21 Maj 2019, Wto 21:12, PID: 793030 
(Ten post był ostatnio modyfikowany: 21 Maj 2019, Wto 21:40 przez melancolie.)
	
	
	
		Dostałam propozycje pracy przy pilnowaniu dzieci w parku zabaw. Głównie będzie ona na tym polegać, właśnie na pilnowaniu ich, żeby nie uciekły ale też od czasu do czasu będą organizowane zajęcia plastyczne i takie tam. Z tymi zajęciami to trochę gorzej, bo trzeba będzie im tłumaczyć co mają robić albo popisywać się umiejętnościami plastycznymi, których nie mam ale chyba dam radę.
W każdym razie, czy zastanawialiście się kiedyś nad praca z dziećmi? Wydaję mi się, że większość fobików nie miałaby stresa pracować z dziećmi, jednak dzieci tak nie oceniają, a jak są wredne to nie jak współpracownicy plotkujący o tobie, ale po prostu, bo dzieci tak maja. Ja może aż tak nie pałam miłością to wszystkich małych istot ale też nie gardzę ich towarzystwem, można się powygłupiać i wrócić do lat dziecinnych.
Poza tym jeśli mnie przyjmą to będzie cud świata więc chyba już to nie ma znaczenia jaka to jest praca, byle w niej pracować chociaż przez miesiąc.
	
	
	
	
W każdym razie, czy zastanawialiście się kiedyś nad praca z dziećmi?
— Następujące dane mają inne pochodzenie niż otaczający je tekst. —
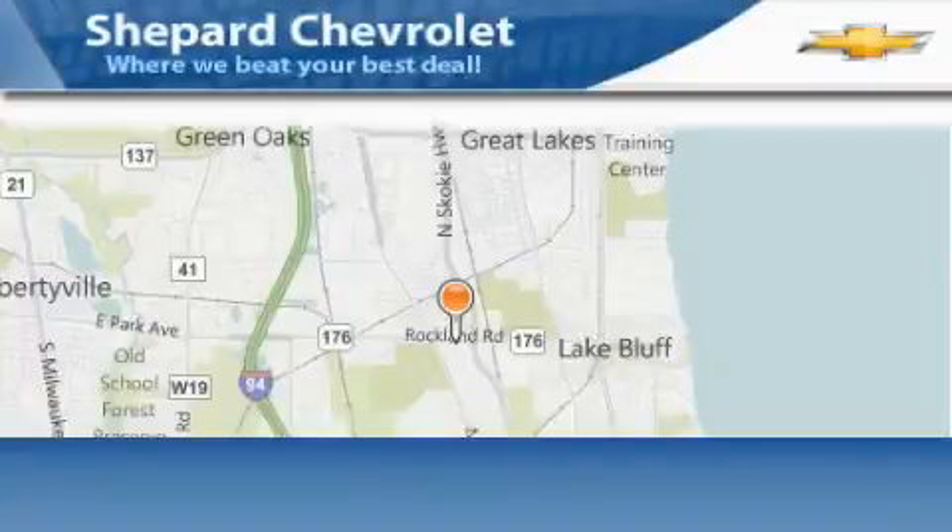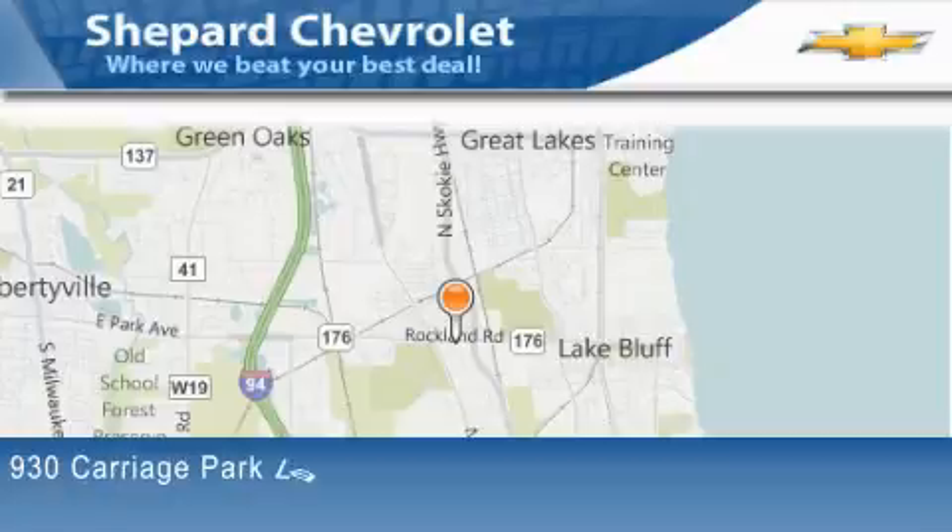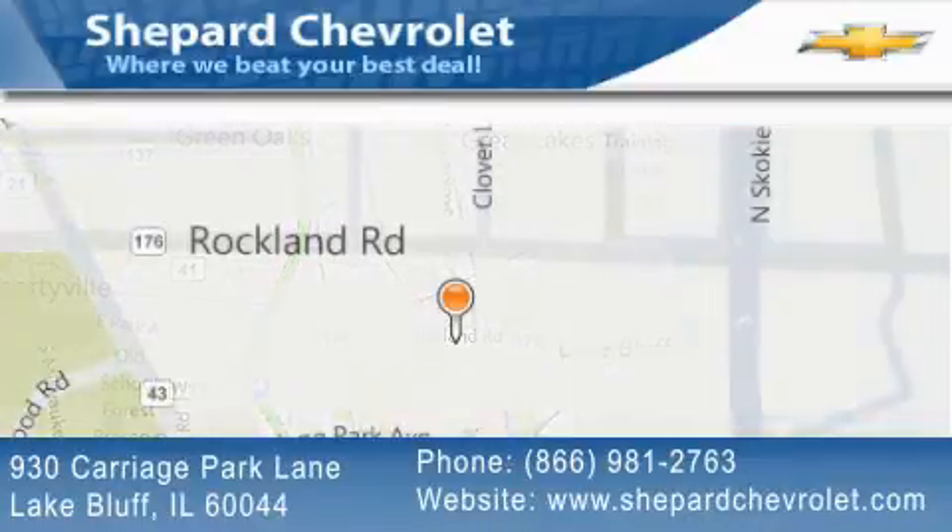Shepard Chevrolet is located at 930 Carriage Park Lane in Lake Bluff. Our goal is to exceed all of your expectations to ensure that you'll return for future visits.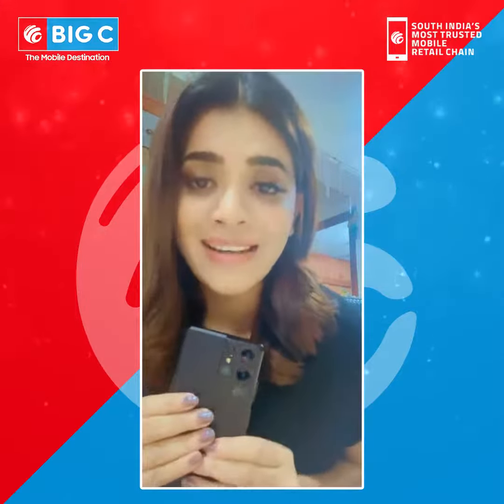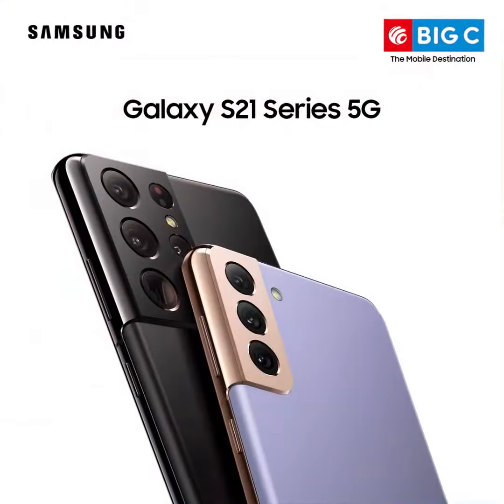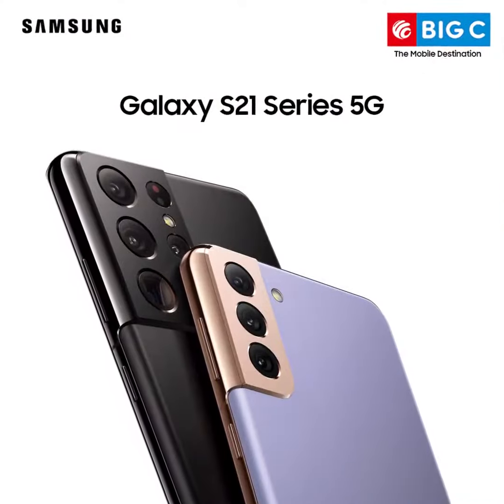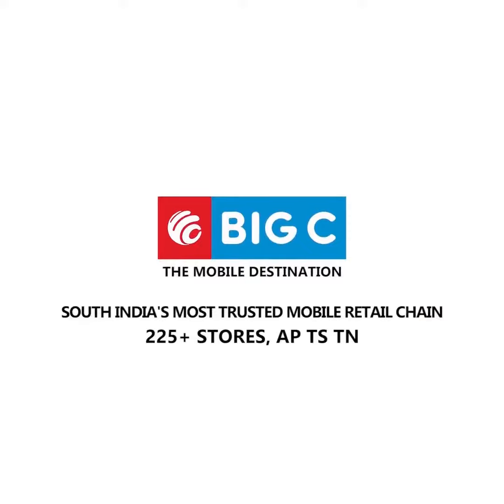I grabbed my phone from Big C — so what are you waiting for? Go grab yours. Thank you. Big C.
Wydaję mi się, że większość fobików nie miałaby stresa pracować z dziećmi, jednak dzieci tak nie oceniają, a jak są wredne to nie jak współpracownicy plotkujący o tobie, ale po prostu, bo dzieci tak maja. Ja może aż tak nie pałam miłością to wszystkich małych istot ale też nie gardzę ich towarzystwem, można się powygłupiać i wrócić do lat dziecinnych.
Poza tym jeśli mnie przyjmą to będzie cud świata więc chyba już to nie ma znaczenia jaka to jest praca, byle w niej pracować chociaż przez miesiąc.
 PhS
 jednorazowo jeszcze ok ale jako stała praca-nigdy 
	
			
 Nie czuję się najlepsza w tych kontaktach i na początku było dziwnie, ale potem się oswoilam z nimi, a dla tych dzieciaków jestem po prostu dorosłą Panią... Dzieci potrafią człowieka czasem wyrwać z odretwienia. Pamiętam jak kilka lat temu opiekowałam się trochę dzieciakami i miałam kiepski stan psychiczny, to (pomimo wad, bo jakoś to nie była moja wymarzona praca( ich spontaniczność, śmiech, dynamicznosc, czy jakieś wybuchy czułości pomagały mi przywracac w sobie normalne emocje i kwestionować pewne nawyki myślowe.